TASK PROMPT:
Leave the images aside and repeat the whole listing exactly.
DATA TO EXAMINE Block Start
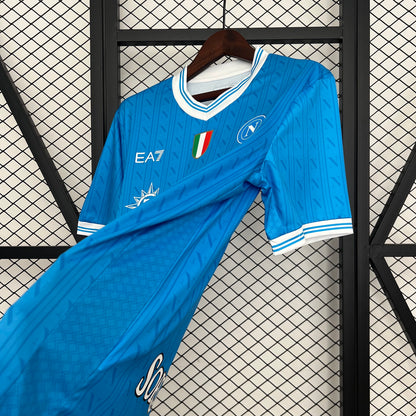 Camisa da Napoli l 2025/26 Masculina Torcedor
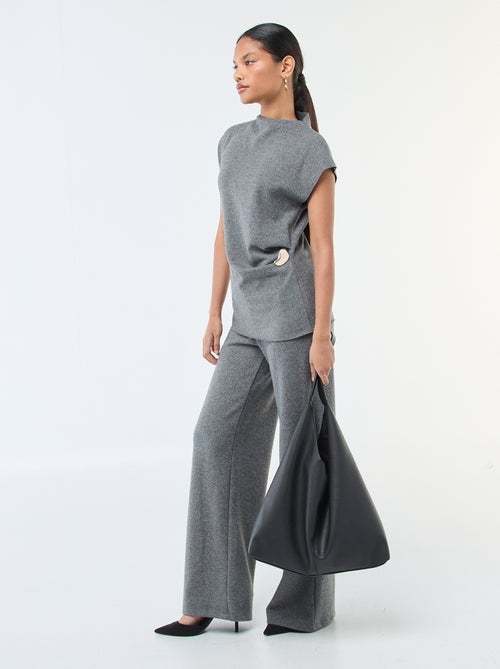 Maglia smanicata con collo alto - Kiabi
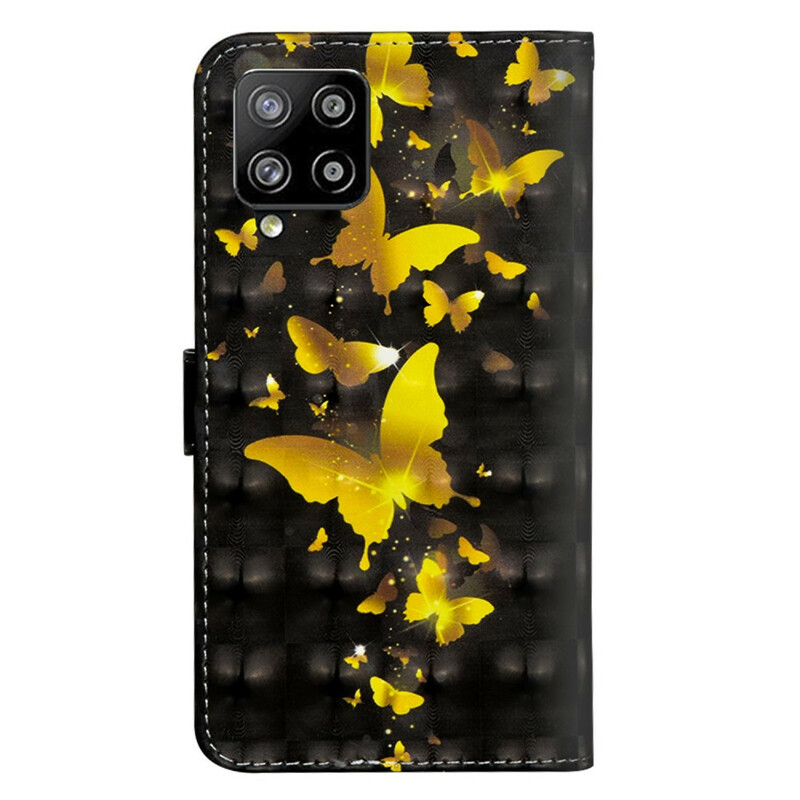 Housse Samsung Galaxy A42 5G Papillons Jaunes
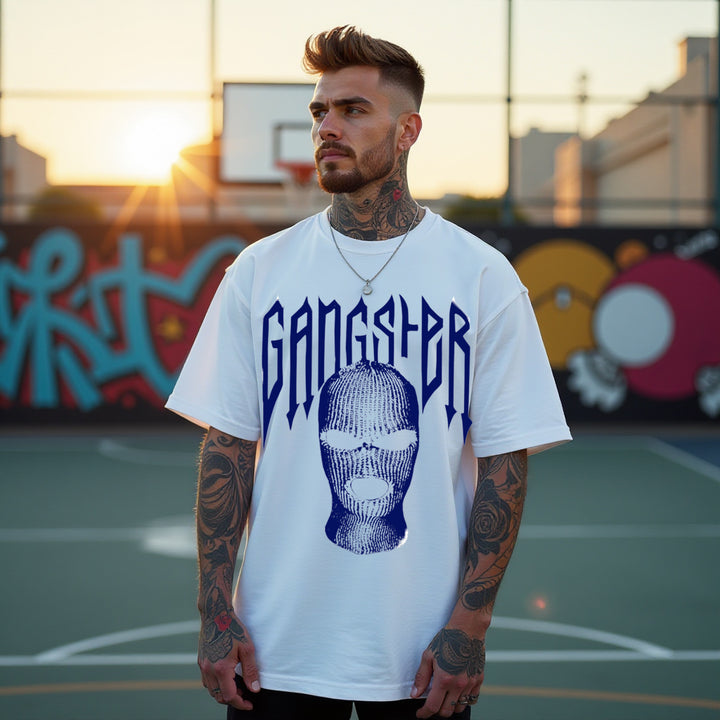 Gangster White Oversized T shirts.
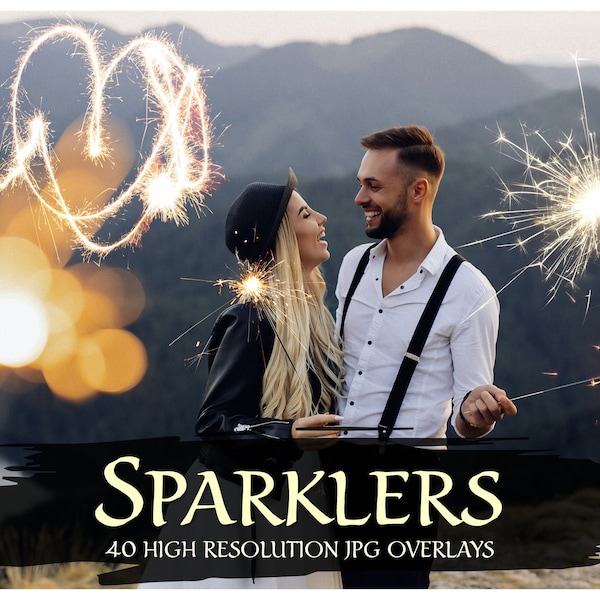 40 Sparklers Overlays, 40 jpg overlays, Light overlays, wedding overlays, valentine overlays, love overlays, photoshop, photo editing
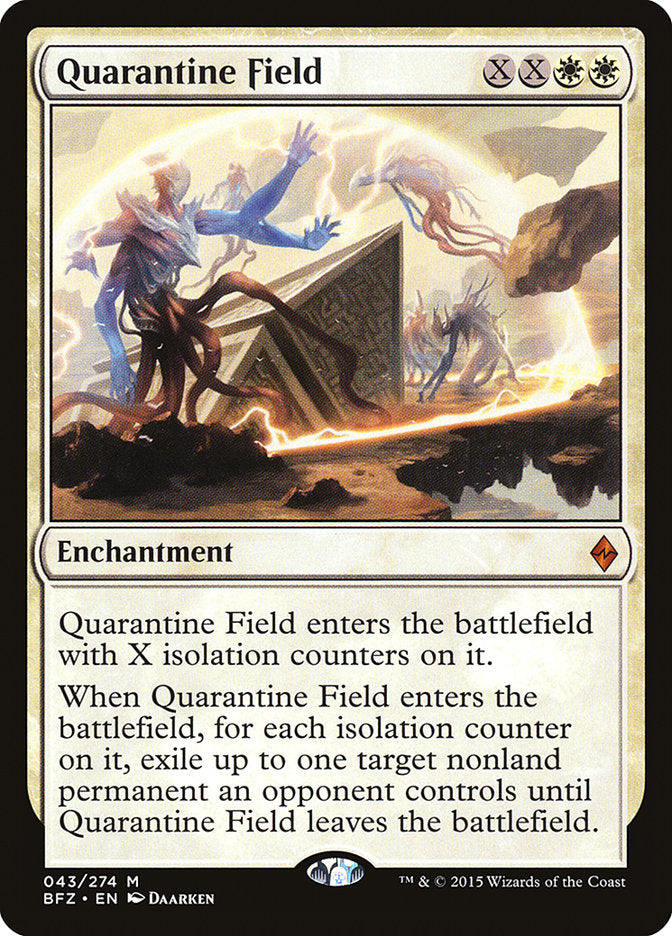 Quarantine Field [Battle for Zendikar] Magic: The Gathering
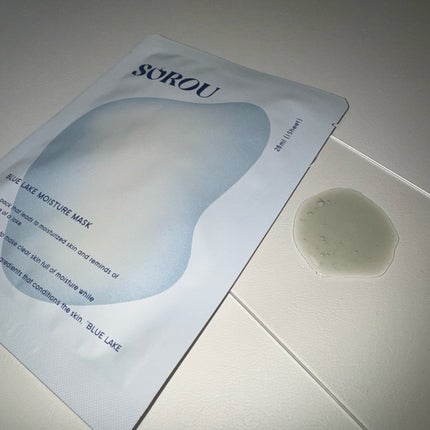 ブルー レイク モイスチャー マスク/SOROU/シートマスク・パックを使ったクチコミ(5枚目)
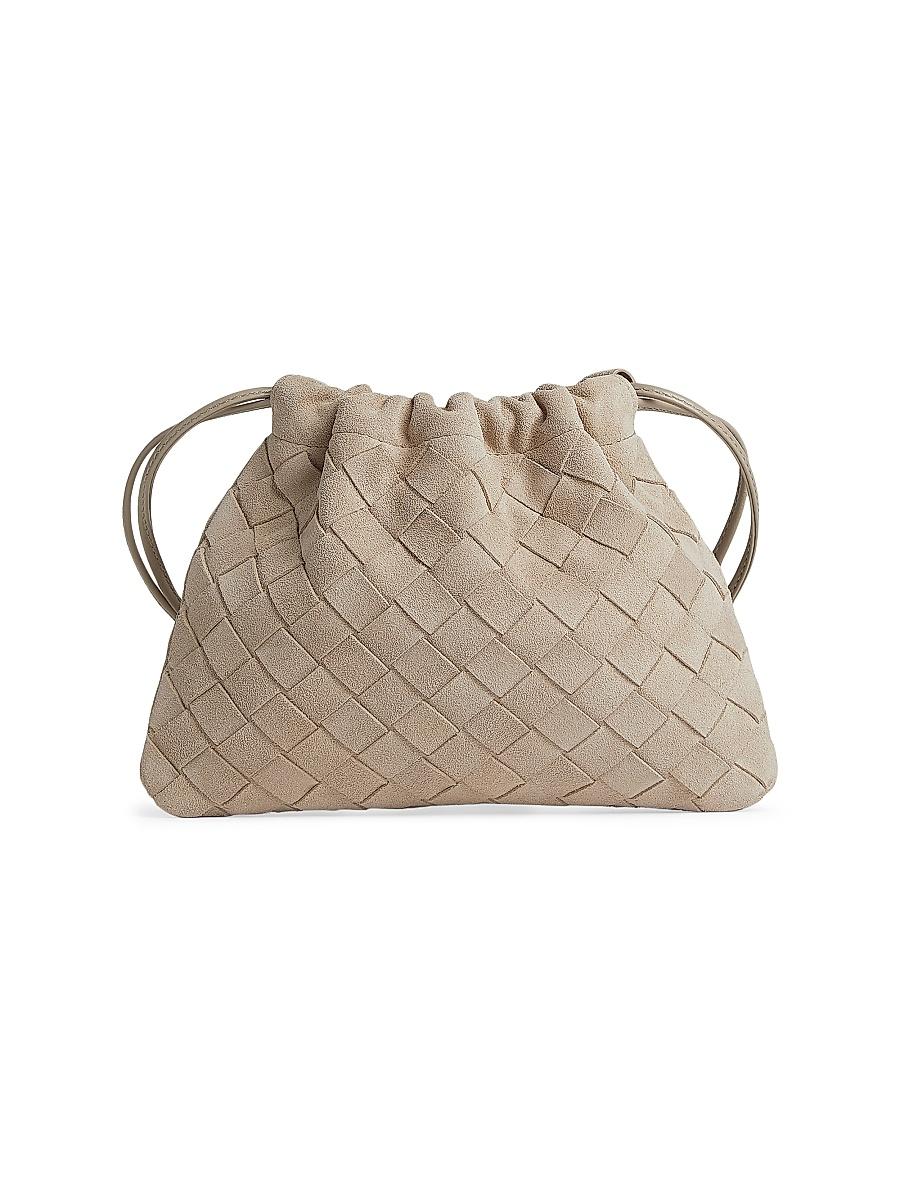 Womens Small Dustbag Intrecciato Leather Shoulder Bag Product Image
DATA TO EXAMINE Block End
REPLY TO THE TASK:
 Camisa da Napoli l 2025/26 Masculina Torcedor
 Maglia smanicata con collo alto - Kiabi
 Housse Samsung Galaxy A42 5G Papillons Jaunes
 Gangster White Oversized T shirts.
 40 Sparklers Overlays, 40 jpg overlays, Light overlays, wedding overlays, valentine overlays, love overlays, photoshop, photo editing
 Quarantine Field [Battle for Zendikar] Magic: The Gathering
 ブルー レイク モイスチャー マスク/SOROU/シートマスク・パックを使ったクチコミ(5枚目)
 Womens Small Dustbag Intrecciato Leather Shoulder Bag Product Image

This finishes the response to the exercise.